Tamworth residents regularly wake to the sound of sirens while officers work hard to make arrests as part of Operation Southbreak - the targeted operation designed to bust the group police believe are responsible.
"We get wins along the way and it puts the brakes on for a short time, but we need to have a permanent solution to this," PANSW Tamworth chair Brian Pegus told the Leader.
"The potential is there, for sure, for an absolute disaster.
"It could be you, me, my family, anybody's family casually going to work at any given time that could end up being the victim of a collision that could have dire consequences."
Last week, a 14-year-old boy was refused bail in a children's court, accused of stealing a luxury car from a Tamworth business before it was involved in a fuel theft incident and a chase through town.
"We need a fully resourced and staffed proactive team who can use investigative means to detect, disrupt and arrest," Mr Pegus said.
The Tamworth union is crying out for at least eight new permanent officers to bolster the thin blue line in the Oxley Police District.

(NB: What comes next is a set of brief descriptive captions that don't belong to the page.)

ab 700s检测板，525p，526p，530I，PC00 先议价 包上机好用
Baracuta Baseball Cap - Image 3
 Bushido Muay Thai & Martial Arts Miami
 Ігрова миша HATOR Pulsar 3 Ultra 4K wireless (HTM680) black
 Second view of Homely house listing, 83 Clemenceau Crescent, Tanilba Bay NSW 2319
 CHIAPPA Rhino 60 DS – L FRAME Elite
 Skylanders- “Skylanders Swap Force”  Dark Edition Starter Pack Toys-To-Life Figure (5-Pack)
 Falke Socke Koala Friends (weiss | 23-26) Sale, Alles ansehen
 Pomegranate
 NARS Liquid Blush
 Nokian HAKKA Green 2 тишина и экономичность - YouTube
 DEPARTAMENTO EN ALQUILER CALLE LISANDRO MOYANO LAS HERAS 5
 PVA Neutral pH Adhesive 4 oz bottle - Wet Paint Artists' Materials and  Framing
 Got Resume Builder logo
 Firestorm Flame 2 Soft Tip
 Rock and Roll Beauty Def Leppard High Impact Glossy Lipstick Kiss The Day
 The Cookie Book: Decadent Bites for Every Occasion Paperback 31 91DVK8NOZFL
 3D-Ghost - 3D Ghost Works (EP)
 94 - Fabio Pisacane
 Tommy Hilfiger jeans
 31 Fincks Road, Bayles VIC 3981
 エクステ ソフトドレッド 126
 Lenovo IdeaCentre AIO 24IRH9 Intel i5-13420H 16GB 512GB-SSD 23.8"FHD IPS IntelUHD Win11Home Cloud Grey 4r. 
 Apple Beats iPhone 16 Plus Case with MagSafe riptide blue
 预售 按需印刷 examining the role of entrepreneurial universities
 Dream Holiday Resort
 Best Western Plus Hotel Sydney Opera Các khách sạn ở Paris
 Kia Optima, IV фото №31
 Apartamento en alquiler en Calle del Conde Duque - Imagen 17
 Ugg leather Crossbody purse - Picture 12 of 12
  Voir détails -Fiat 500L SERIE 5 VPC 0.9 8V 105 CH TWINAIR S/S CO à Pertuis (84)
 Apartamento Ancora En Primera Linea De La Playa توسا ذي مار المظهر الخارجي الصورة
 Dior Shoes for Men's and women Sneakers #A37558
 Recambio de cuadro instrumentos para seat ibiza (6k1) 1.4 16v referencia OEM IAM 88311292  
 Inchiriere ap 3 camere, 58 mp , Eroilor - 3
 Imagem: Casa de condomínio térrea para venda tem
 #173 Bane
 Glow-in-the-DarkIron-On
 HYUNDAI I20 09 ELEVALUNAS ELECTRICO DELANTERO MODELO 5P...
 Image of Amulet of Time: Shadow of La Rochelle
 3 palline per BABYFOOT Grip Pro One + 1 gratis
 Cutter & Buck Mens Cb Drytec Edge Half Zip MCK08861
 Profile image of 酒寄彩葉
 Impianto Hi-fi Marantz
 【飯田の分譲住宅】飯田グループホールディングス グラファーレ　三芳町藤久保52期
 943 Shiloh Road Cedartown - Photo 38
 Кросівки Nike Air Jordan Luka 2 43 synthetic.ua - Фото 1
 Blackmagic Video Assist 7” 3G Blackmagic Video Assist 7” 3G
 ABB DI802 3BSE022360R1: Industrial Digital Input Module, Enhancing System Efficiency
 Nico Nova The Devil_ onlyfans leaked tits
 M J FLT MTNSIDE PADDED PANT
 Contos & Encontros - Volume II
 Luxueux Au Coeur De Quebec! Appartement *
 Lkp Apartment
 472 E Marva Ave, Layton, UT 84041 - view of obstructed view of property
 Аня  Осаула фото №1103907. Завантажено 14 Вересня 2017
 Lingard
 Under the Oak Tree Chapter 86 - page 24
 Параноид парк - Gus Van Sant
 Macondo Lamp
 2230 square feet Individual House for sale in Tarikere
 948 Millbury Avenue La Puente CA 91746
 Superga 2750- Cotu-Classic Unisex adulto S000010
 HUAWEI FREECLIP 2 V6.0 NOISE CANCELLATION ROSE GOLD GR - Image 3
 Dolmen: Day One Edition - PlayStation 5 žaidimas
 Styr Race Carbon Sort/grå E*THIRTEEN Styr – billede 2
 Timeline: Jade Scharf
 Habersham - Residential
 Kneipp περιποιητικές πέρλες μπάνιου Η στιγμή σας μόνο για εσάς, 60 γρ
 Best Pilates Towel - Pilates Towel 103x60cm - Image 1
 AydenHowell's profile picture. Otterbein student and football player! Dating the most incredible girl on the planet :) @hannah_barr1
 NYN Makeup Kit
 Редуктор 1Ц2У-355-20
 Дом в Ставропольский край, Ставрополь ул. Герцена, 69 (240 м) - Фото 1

The top priority is to boost boots in the proactive crime team (PCT) - the specialist, covert squad which can dedicate hours on end to targeting suspected offenders, patrolling hotspots and acting on intelligence.
The local PCT team has not been expanded in decades, leaving half-a-dozen officers to cover an area from Walcha to Wee Waa.
The PANSW claim Oxley is significantly understaffed compared to nearby districts.
Additional resources have been thrown at combating property crime in the region, but trends over the past two years prove a "band-aid solution" and "robbing Peter to pay Paul" won't cut it.
Fresh data from the NSW Bureau of Crime Statistics and Research shows car theft in Tamworth has increased by 46.5 per cent in the two years to December 2021.
The police we have on the ground are working their heart and souls out every day and every night but you can only stretch something so far.
- Tamworth's police union (PANSW) vice chair Terry Melville
In the 12 months to December last year, break and enters went up by 4.3 per cent.
Mr Pegus said while those numbers are disappointing, they are not surprising.
"If we don't have the resources to curb these figures and keep them in check, then we are going to be in trouble ... they can be undone, we can wind them back, and that's our goal," he said.
He said the next set of figures would probably be worse, considering there were more than 100 break-ins and 60 car thefts reported in Tamworth in February alone.
The campaign for more cops to cover Oxley has been making noise for some time, and the Tamworth PANSW welcomed the appointment of a new commander for regional NSW field operations, Deputy Commissioner Peter Thurtell.
"Hopefully it gives us a firm timeline," Mr Pegus said.
The Tamworth PANSW branch has had positive interactions with the western region commander, Assistant Commissioner Brett Greentree, about Tamworth's needs, most recently at a forum last month.
The state government announced a whopping allocation of 1500 extra police across the state in 2018, the last 550 of which are expected to be deployed to new posts this year and next.
A spokesperson for NSW Police Minister Paul Toole told the Leader previously that NSW Police will determine allocations based on resource requirements, and announce them later this year.
NSW Police previously said resources are flexible, based on crime trends, and the force will continue with community engagement programs to reduce offending.